In humans, cardiovascular risk is increased in patients with raised homocysteine levels. In rats fed high levels of homocysteine, intimal hyperplasia in response to carotid endarterectomy is much more pronounced, correlating strongly with plasma homocysteine levels.  The mechanism for this effect is not completely understood but is believed to involve platelet adhesion. In hyperhomocysteinemic rats, saratin was found to attenuate the effect of the raised homocysteine on intimal hyperplasia and luminal stenosis back to control levels. Saratin had no effect on homocysteine metabolism.

Electron micrograph (2000X) of endarterectomized rat carotid artery 3 hours after carotid endarterectomy.
A) Control surface. B) Surface receiving topical saratin (5 µL, 1 mg/mL).


Electron micrograph (2000X) of endarterectomized rat carotid artery 24 hours after carotid endarterectomy.
A) Control surface. B) Surface receiving topical saratin (5 µL, 1 mg/mL).

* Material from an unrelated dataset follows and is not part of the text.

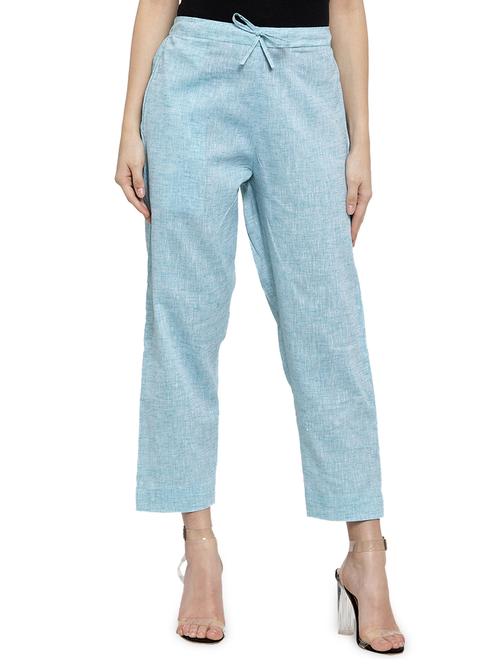 women self design calf length tailored pants - 17060978 - Standard Image - 0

This model was used to determine the optimal dose of Saratin for prevention of platelet adhesion to damaged vascular endothelial surfaces.  A concentration-response curve is presented in which the optimal concentration was determined to be 1 mg/mL in this model. 

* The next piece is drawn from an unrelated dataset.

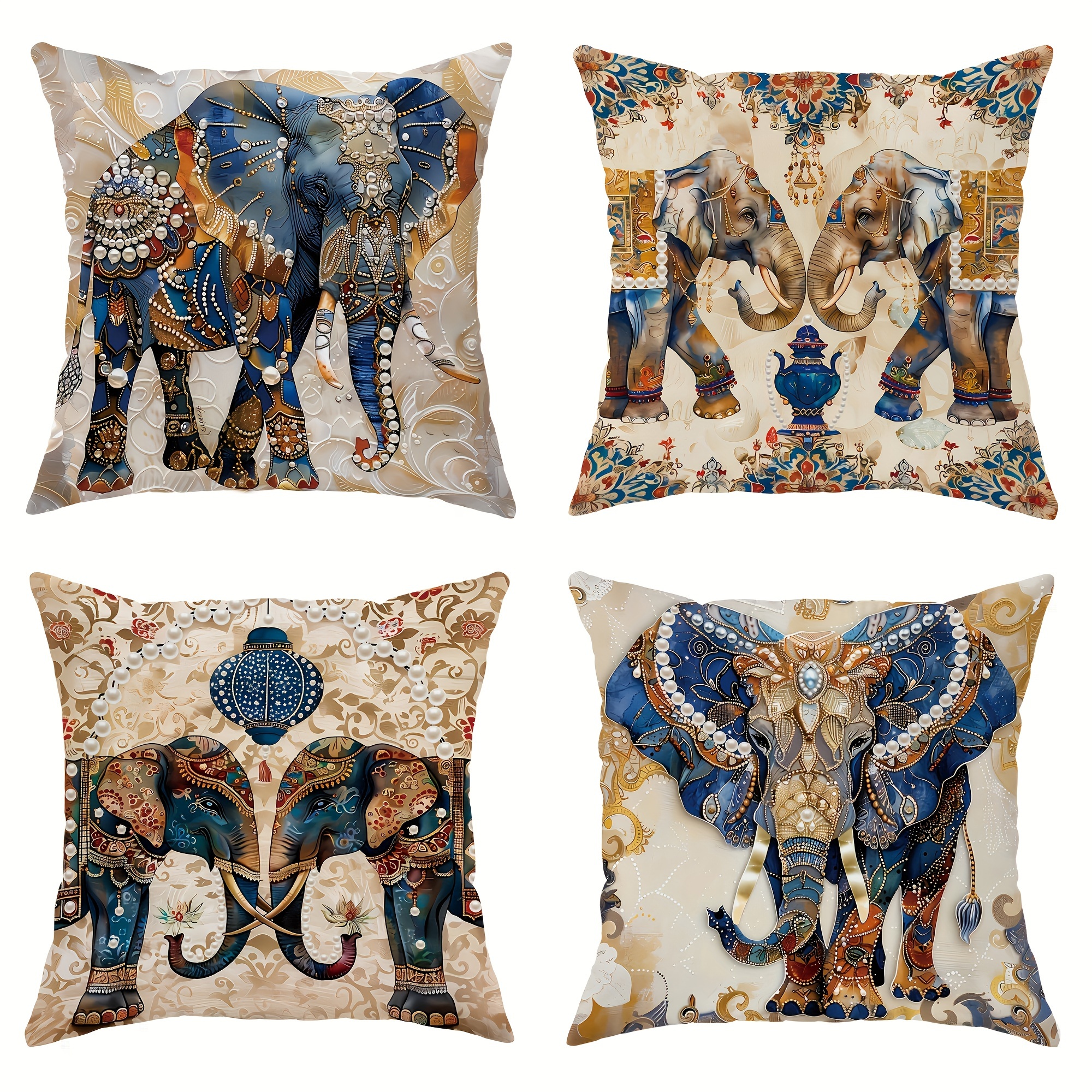 

4-piece Set Linen Throw Pillow Covers With Elephant & Pearl Flower Design - Golden, Blue, Earthy Yellow | 18x18 Inches | Bohemian Ethnic Style Decorative Cushion Cases For Living Room & Bedroom Sofa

Concentration-response curve of Saratin prevention of platelet adhesion in the rat carotid endarterectomy injury model.


At two weeks post surgical-induced injury, intimal hyperplasia was significantly reduced in Saratin-treated tissues compared to vehicle control-treated tissues.  This highly statistically significant result is presented in the figure.

Reduction of intimal hyperplasia with the use of Saratin in the rat carotid endarterectomy injury model.




Cruz, CP, Eidt, J, Drouilhet, J, Brown, AT,Wang, Y, Barnes CS, and Moursi, MM.   Saratin, and Inhibitor of von Willebrand Factor-Dependent Platelet Adhesion, Decreases Platelet Aggregation and Intimal Hyperplasia in a Rat Carotid Endarterectomy Model. J. Vasc. Surg 2001;34:724-729.

Davis, JA, Brown, AT, Alshafie, T, Poirier, LA, Cruz CP, Wang, Y, Eidt, JF and Moursi, MM.  Saratin (an Inhibitor of Platelet-Collagen Interaction) Decreases Platelet Aggregation and Homocysteine-Mediated Postcarotid Endarterectomy Intimal Hyperplasia in a Dose-Dependent Manner. Am. J. Surg. 2004;188:778-785.